··· Dataset excerpts ···
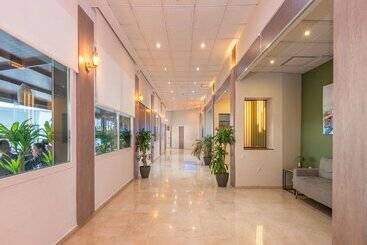 Hotel Parasol by Dorobe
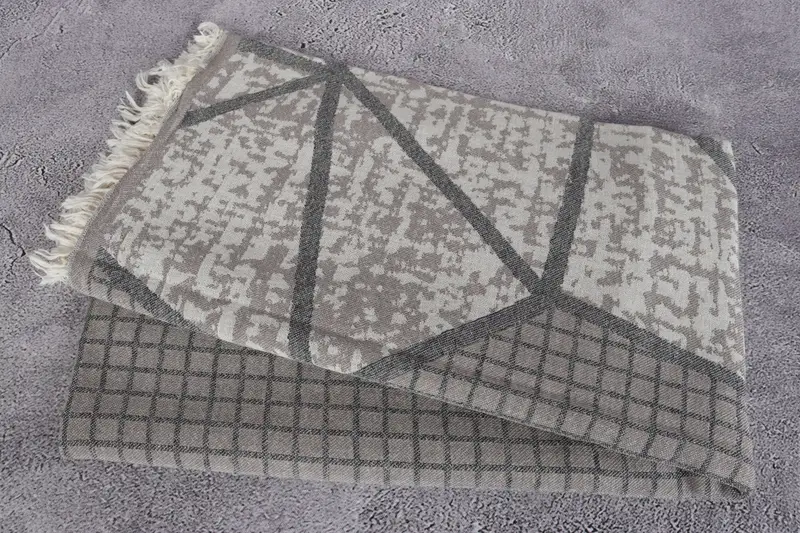 Sandfreies Handtuch, Bio-Handtuch, 70x40 Baumwoll-Asymmetrie-Designtuch, Geschenk des ersten Hochzeitstags, Sticktücher, personalisiertes Hochzeitsgeschenk - 7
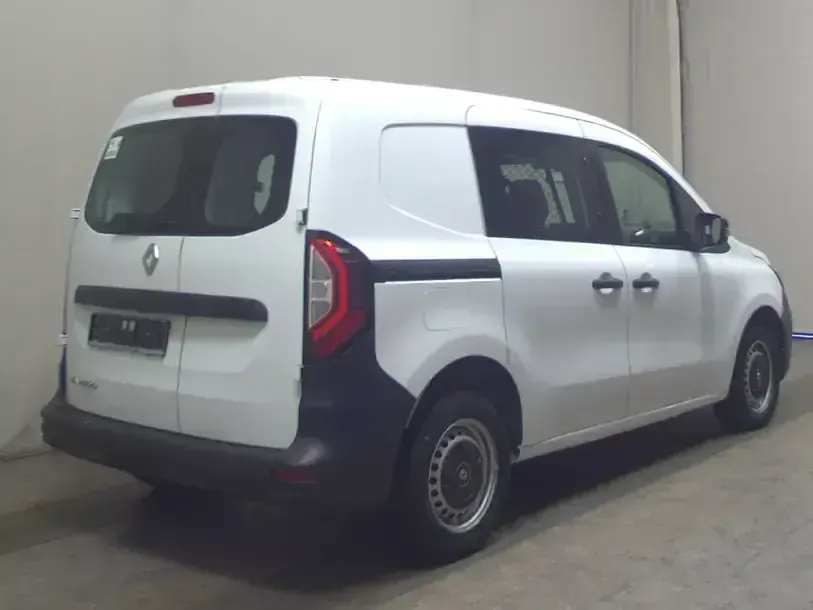 Używany Renault Kangoo 95 KM (69 kW) 2023 Biały Minivan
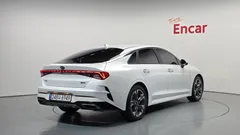 2021 Kia K5 Signature, белый — фото 2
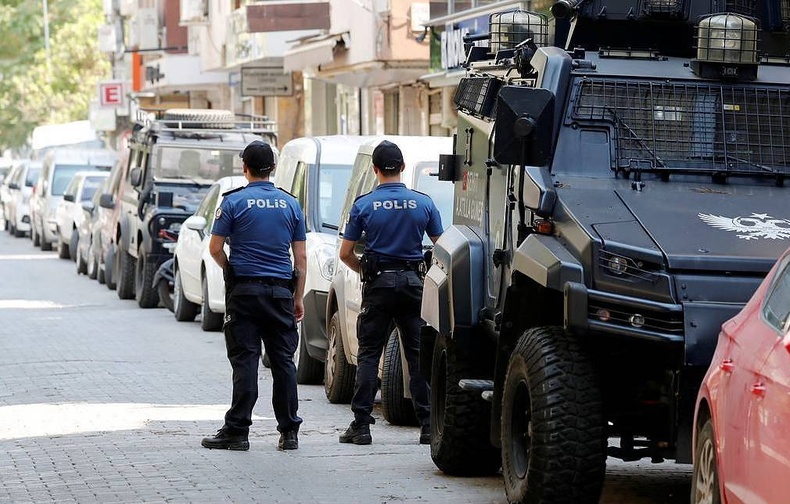 Турк улс төрийн эргэлт хийхийг завдсан 130 гаруй цэргийн албан хаагчийг баривчлахыг тушаажээ
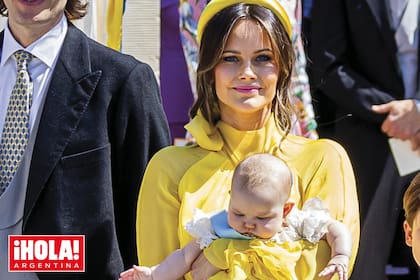 La pequeña Inés, que nació en febrero de este año, en brazos de su madre, la princesa Sofía de Suecia.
···
● **Problem requirements**
Send back every record exactly as it stands, except the pictures.

● **Output**
 Hotel Parasol by Dorobe
 Sandfreies Handtuch, Bio-Handtuch, 70x40 Baumwoll-Asymmetrie-Designtuch, Geschenk des ersten Hochzeitstags, Sticktücher, personalisiertes Hochzeitsgeschenk - 7
 Używany Renault Kangoo 95 KM (69 kW) 2023 Biały Minivan
 2021 Kia K5 Signature, белый — фото 2
 Турк улс төрийн эргэлт хийхийг завдсан 130 гаруй цэргийн албан хаагчийг баривчлахыг тушаажээ
 La pequeña Inés, que nació en febrero de este año, en brazos de su madre, la princesa Sofía de Suecia.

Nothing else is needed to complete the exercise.